Start of Block

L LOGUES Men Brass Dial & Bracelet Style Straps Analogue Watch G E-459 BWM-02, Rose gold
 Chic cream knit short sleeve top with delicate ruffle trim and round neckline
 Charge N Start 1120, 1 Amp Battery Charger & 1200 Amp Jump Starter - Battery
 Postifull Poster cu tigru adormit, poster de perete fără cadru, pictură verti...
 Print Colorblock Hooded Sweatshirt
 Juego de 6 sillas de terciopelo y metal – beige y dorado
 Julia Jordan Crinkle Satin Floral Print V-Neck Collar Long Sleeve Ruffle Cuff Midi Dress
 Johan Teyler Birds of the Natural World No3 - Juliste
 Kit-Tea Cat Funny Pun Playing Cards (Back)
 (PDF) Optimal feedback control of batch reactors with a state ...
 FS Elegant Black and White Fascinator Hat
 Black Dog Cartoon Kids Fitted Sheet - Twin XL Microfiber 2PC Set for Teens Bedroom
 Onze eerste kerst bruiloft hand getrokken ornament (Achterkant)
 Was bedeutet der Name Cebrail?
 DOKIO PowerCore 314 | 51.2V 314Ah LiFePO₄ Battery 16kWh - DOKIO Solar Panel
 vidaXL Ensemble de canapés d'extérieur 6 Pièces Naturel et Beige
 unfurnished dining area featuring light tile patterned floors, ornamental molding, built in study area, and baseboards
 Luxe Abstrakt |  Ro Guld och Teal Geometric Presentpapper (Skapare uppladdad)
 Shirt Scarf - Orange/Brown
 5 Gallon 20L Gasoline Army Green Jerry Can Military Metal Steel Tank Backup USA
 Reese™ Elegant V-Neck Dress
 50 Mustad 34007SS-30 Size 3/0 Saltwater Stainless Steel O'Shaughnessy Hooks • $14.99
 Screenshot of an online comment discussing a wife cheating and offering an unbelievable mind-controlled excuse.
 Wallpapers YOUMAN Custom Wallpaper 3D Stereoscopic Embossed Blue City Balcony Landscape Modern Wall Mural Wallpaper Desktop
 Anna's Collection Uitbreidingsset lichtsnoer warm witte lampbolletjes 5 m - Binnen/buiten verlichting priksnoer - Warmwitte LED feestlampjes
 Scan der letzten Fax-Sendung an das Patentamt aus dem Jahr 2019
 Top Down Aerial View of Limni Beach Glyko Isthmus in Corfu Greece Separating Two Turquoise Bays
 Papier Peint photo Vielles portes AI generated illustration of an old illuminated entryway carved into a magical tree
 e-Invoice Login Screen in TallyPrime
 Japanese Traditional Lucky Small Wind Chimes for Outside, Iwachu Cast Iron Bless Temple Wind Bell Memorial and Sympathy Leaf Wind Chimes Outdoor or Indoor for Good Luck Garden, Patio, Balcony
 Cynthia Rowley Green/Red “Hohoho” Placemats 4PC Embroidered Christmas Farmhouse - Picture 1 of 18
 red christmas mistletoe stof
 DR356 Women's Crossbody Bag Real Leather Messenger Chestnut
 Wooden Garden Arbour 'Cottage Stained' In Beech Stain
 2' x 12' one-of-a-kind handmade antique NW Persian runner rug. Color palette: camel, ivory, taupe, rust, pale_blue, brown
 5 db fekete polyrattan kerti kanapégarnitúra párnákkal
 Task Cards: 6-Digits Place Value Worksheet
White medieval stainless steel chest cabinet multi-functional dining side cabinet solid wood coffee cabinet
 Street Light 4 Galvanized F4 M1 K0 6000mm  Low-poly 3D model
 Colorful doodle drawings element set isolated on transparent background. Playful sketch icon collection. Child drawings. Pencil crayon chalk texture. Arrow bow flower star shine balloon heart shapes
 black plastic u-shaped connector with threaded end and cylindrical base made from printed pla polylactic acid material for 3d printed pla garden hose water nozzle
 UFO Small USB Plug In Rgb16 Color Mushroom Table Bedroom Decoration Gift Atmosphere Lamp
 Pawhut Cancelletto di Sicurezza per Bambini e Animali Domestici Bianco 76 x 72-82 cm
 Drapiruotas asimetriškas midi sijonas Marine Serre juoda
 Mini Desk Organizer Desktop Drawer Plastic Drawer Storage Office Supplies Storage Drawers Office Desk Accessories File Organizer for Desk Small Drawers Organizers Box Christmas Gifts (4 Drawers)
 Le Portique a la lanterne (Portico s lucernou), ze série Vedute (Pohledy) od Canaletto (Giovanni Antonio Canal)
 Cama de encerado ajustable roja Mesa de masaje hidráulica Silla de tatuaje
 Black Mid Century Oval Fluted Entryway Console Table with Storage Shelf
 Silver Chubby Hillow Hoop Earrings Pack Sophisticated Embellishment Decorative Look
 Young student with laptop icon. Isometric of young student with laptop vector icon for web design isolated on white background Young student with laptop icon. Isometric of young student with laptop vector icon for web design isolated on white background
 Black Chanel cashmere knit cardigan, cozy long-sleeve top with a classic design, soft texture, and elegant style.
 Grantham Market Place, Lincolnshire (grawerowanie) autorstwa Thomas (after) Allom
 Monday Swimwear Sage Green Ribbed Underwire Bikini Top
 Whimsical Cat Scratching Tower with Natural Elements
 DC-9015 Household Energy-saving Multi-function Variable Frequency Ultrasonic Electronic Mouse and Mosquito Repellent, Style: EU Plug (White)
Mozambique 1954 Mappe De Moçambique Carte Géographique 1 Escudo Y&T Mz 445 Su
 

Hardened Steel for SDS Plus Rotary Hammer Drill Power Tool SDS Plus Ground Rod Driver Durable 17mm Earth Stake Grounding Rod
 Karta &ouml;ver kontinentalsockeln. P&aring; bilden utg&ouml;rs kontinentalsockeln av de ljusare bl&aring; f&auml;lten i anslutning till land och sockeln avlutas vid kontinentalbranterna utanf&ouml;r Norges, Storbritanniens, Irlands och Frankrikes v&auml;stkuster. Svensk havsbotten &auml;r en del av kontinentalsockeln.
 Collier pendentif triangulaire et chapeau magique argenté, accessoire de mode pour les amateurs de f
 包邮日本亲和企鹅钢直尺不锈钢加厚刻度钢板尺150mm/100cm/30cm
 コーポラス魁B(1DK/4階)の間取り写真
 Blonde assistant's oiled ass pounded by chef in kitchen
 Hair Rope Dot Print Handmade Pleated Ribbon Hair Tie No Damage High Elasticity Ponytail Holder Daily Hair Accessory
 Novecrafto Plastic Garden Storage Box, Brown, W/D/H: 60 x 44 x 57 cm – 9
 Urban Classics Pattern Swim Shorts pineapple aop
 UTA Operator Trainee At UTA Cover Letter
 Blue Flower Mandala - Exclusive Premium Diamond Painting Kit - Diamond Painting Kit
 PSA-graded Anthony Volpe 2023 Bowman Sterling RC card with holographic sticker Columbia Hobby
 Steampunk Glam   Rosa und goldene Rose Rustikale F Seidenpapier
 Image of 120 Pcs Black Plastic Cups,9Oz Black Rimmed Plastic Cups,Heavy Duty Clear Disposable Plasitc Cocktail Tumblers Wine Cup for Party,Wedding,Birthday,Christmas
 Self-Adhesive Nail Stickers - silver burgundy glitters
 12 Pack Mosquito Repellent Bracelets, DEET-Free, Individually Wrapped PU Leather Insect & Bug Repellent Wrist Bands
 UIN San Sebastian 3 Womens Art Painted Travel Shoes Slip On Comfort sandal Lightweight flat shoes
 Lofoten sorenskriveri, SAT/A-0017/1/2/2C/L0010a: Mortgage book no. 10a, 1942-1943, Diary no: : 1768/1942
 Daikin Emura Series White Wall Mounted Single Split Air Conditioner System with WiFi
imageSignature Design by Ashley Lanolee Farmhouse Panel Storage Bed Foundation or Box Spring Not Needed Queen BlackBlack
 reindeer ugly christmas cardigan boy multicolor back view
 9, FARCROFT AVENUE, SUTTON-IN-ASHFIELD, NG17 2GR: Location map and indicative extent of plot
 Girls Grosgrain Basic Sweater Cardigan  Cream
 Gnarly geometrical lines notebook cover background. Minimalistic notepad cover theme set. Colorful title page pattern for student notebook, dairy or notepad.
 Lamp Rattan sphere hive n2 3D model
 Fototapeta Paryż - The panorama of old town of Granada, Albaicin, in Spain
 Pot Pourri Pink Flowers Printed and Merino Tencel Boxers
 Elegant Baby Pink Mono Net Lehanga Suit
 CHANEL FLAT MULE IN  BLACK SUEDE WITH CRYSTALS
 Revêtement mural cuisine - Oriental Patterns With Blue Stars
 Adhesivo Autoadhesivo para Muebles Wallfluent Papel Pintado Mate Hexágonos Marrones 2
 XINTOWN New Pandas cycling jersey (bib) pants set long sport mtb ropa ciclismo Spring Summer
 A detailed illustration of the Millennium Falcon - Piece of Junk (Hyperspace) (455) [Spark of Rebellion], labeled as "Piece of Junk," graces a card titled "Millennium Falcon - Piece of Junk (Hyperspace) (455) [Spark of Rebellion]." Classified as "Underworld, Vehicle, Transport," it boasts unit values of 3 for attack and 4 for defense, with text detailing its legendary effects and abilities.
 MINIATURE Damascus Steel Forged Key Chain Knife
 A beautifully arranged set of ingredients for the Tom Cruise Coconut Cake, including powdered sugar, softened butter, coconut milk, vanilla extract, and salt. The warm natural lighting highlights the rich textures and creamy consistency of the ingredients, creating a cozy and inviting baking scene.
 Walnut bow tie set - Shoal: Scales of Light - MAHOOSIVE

End of Block

**TASK TO CARRY OUT:**
Look through the entries above; copy every line holding the string "Pink".

**REPLY TO THE EXERCISE:**
 Pot Pourri Pink Flowers Printed and Merino Tencel Boxers
 Elegant Baby Pink Mono Net Lehanga Suit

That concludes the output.